Detener el tiempo es una faena que en manos de Morosoli adquiere un vuelo poético tan descomunal que dejará a unos cuantos boquiabiertos. El paisaje rural adquiere la densidad de lo trágico sin énfasis ni subrayados. «A Cóppola estos viajeros apretados hacia adentro, que no tenían movimientos vivos ni prisa, a quienes la lejanía iba limando a medida que marchaban, le producían una angustia terrible, una sensación de que iban tranqueando hacia la muerte, que a lo mejor era sólo eso. Un irse limando, gastando como una piedra en la corriente de un arroyo.» Sin embargo, conviene aclarar que estas criaturas morosolianas, a pesar del desamparo y la fragilidad, se aferran al hecho de vivir, como sobrevivientes de un naufragio perpetuo. «El campo», el cuento que da título a la antología, es acaso el que mejor ilustra este asunto por el modo en que presenta al personaje desde el inicio. «El negro Sabino se consideró siempre un hombre feliz (...) el era feliz porque allí tenía todo lo que se necesitaba para ser feliz, según su propio pensamiento: yerba, carne, tabaco y caña. »

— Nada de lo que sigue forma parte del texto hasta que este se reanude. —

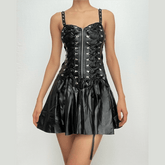 Lace up PU leather sweetheart neck solid zip-up mini dress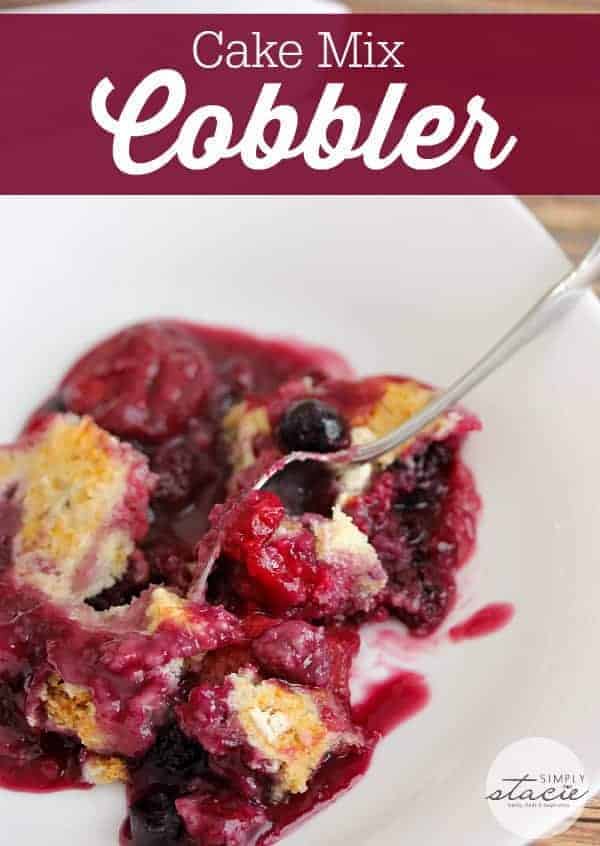 Cake Mix Cobbler - Only three ingredients in this simple recipe - pop, cake mix and frozen fruit!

Un periodista le preguntó a Morosoli, en 1933, por el concepto que tenía de la poesía. «Yo sentía el gusto de las pescas en el arroyo y la emoción de rajarle la cabeza a un pájaro de una pedrada. Vivía lo que hacía sin darme cuenta. A los veinte años lo conté. ¡Y me dijeron que era un poeta! ¿Cómo puedo, siendo así, tener concepto de lo qué es poesía, definirla?», respondió el escritor. Raviolo enlazó esta respuesta con los versos finales de un poema de Morosoli, «Balbuceos», como una manera de entender la poesía y, también, la narrativa de este gigante uruguayo, en más de un sentido: «... hallo las levaduras de mis cantos/ en las fatigas de las lavanderas,/ el penoso traquetear de las carretas/ y en el ladrar nocturno de los perros./ Creo que hay en mis versos/ un poco de emoción y un poco de ‘eso’/ que las tardes diluyen en el cielo del pueblo».